Dilution cycle for absorption chiller

Abstract

A routine of controlling the dilution cycle of an absorption chiller to determine when to initiate a dilution cycle, continue the cycle and terminate the cycle. The concentration of solution leaving the chiller's low temperature generator is calculated and the crystallization temperature of the solution is then determined. The crystallization temperature is compared to the ambient temperature and the result is used to determine whether to institute a dilution cycle, continue the cycle or terminate the cycle.

Description

FIELD OF THE INVENTION

This invention relates to absorption refrigeration and, in particular to a dilution cycle for use in an absorption chiller.

BACKGROUND OF THE INVENTION

Dilution cycles are run in absorption chillers to lower the refrigerant concentration in the absorbent solution so that the solution does not crystallize as the solution temperature approaches the ambient temperature. The lower the solution concentration, the lower the solution temperature can be at shut down without having to be concerned with crystallization.

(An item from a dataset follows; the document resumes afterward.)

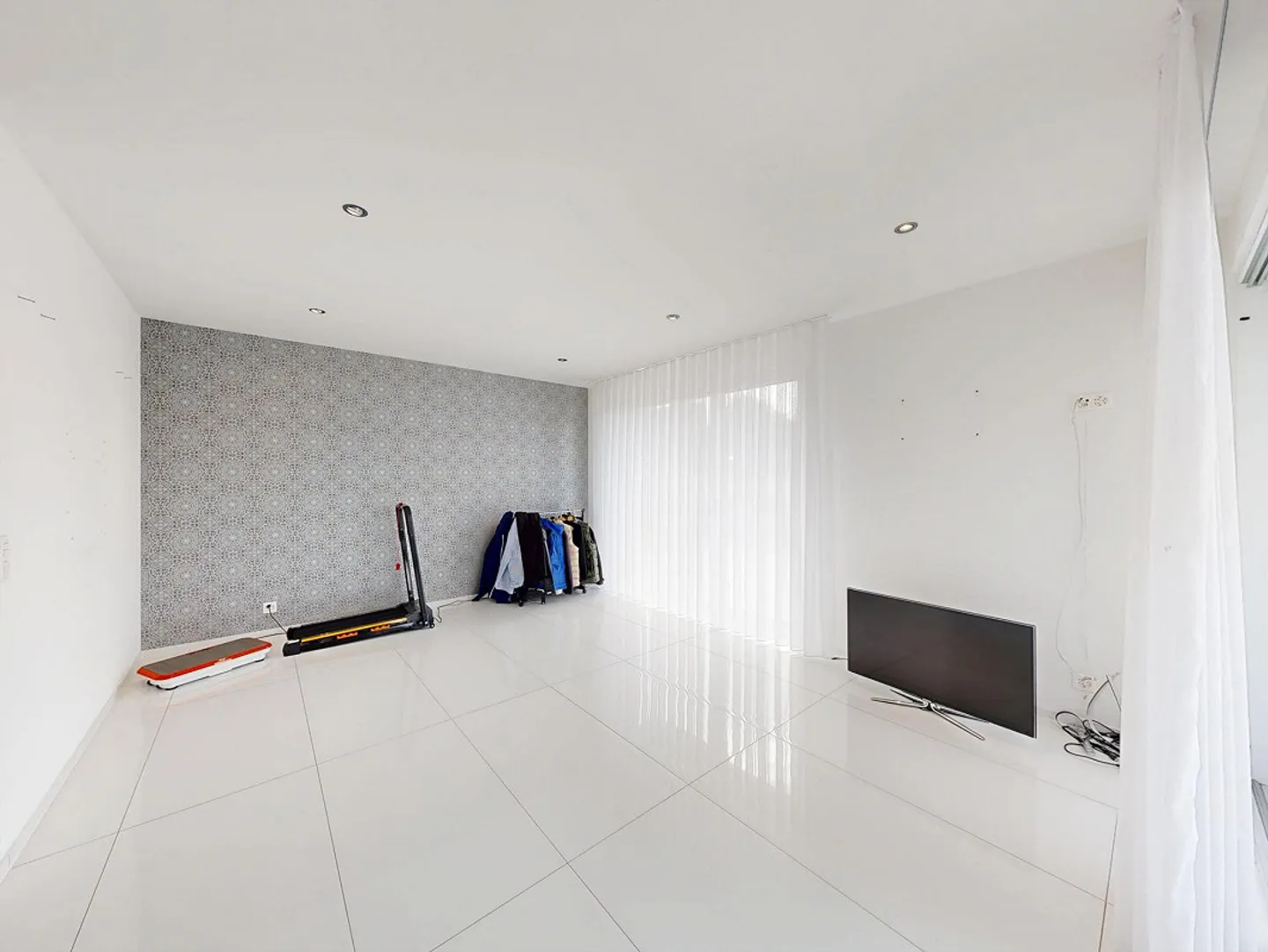 Villa de 7,5 pièces avec piscine et espace généreux - Photo 15 sur 21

However, the lower the solution concentration at shut down, the longer it will take to reconcentrate the solution to an operating level at start up.

For example, in many chillers in present day use the dilution cycle is accomplished by first shutting down the heater used to raise the temperature in the upper or high temperature stage generator of the machine. The solution and refrigerant pumps as well as the chilled water and condenser water pumps, however, are allowed to continue to run for a given predetermined period time after the heat to the generator is terminated. The preset time interval generally must be relatively long in order to dilute highly concentration solution in the event the machine is operating under full load at the time of shut down. Correspondingly, when the machine is shut down when operating under a partial load, the preset time period allows the solution to become overly diluted thus requiring a relatively long time to reconstitute the solution at start up. As can be seen, the use of a predetermined dilution time cycle can cause the machine to run longer than necessary at shut down or can extend the time necessary to reconcentrate the solution when the chiller is restarted. In either case, this type of dilution cycle can cause a good deal of energy to be wasted during both shut down and start up.

SUMMARY OF THE INVENTION

It is a primary object of the present invention to improve dilution cycles used in absorption chillers.

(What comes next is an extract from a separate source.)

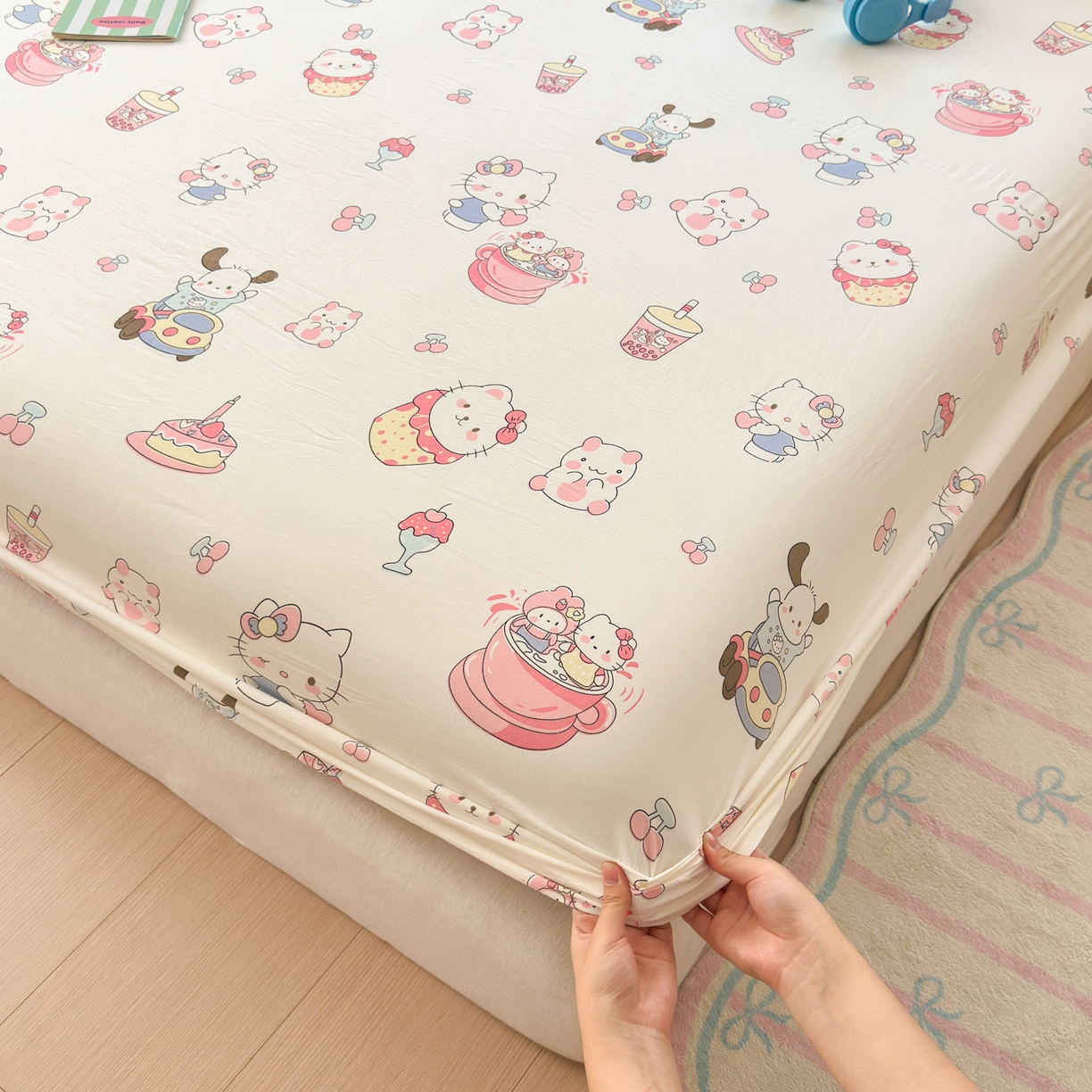 91家纺网 家纺一手货源 找家纺 一霖家纺 2025新款云朵棉小清新印花床笠系列 单床笠-小奶猫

It is a further object of the present invention to save energy during the shut down and restarting of an absorption machine.

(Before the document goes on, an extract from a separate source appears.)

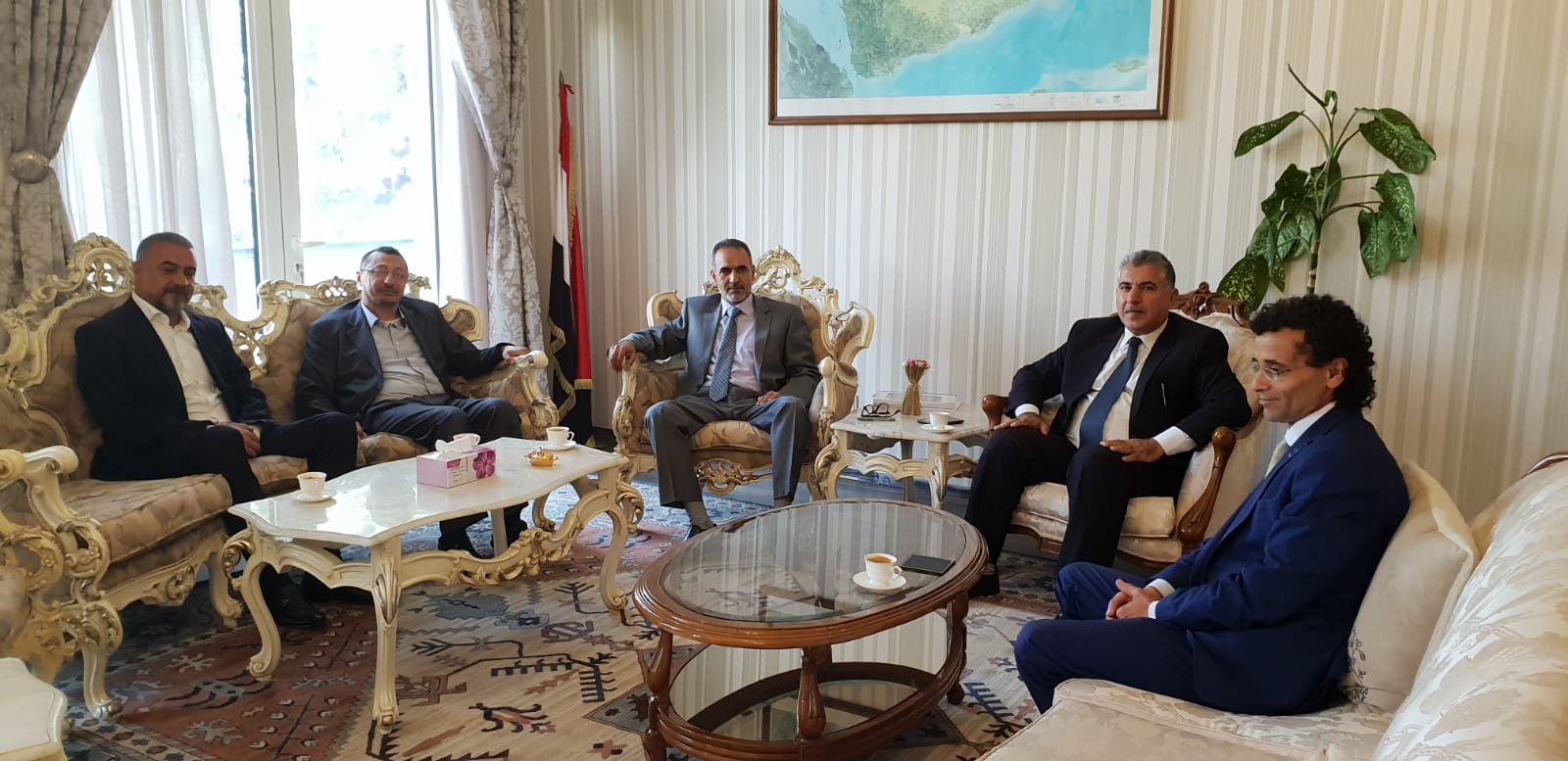 السفير العمراني يبحث مع مسؤول بلغاري اوضاع الجالية اليمنية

Another object of the present invention is to provide a dilution cycle control that is able to determine how long the cycle must run at shut down in order to safely shut down the machine.

A still further object of the present invention is to control the dilution cycle of an absorption chiller in response to the crystallization temperature of the solution and the ambient temperature at shut down.

Yet another object of the present invention is to provide a highly efficient dilution cycle for use in an absorption chiller that employs a versatile shut down routine that is suitable for use regardless of the cause of the machines shut down.

These and other objects of the present invention are attained by a routine for controlling the dilution cycle of an absorption chiller that determines when the dilution cycle is to be initiated, continued and terminated. The concentration of solution leaving the low temperature generator of the chiller is first calculated and from this calculation the crystallization temperature of the solution is determined. The crystallization temperature is compared to the ambient temperature surrounding the chiller and, based upon the comparison, a determination is made whether to initiate a dilution cycle or to continue the cycle once it has started, and lastly when to terminate the cycle in order to conserve energy without endangering the chiller.

BRIEF DESCRIPTION OF THE DRAWING

For a further understanding of these and objects of the invention, reference will be made to the following detailed description of the invention which is to be read in connection with the accompanying drawing.

DETAILED DESCRIPTION OF THE INVENTION

Turning now to the drawing there is illustrated a two stage absorption chiller, generally referenced 10, that embodies the teachings of the present invention. Although the present invention will be described with particular reference to a two stage machine it should be clear from the disclosure below that the invention has wider application and can be employed in any type of chiller that is either direct fired or indirect fired, a single stage machine or a multiple stage machine having either a series or a parallel solution flow circuit.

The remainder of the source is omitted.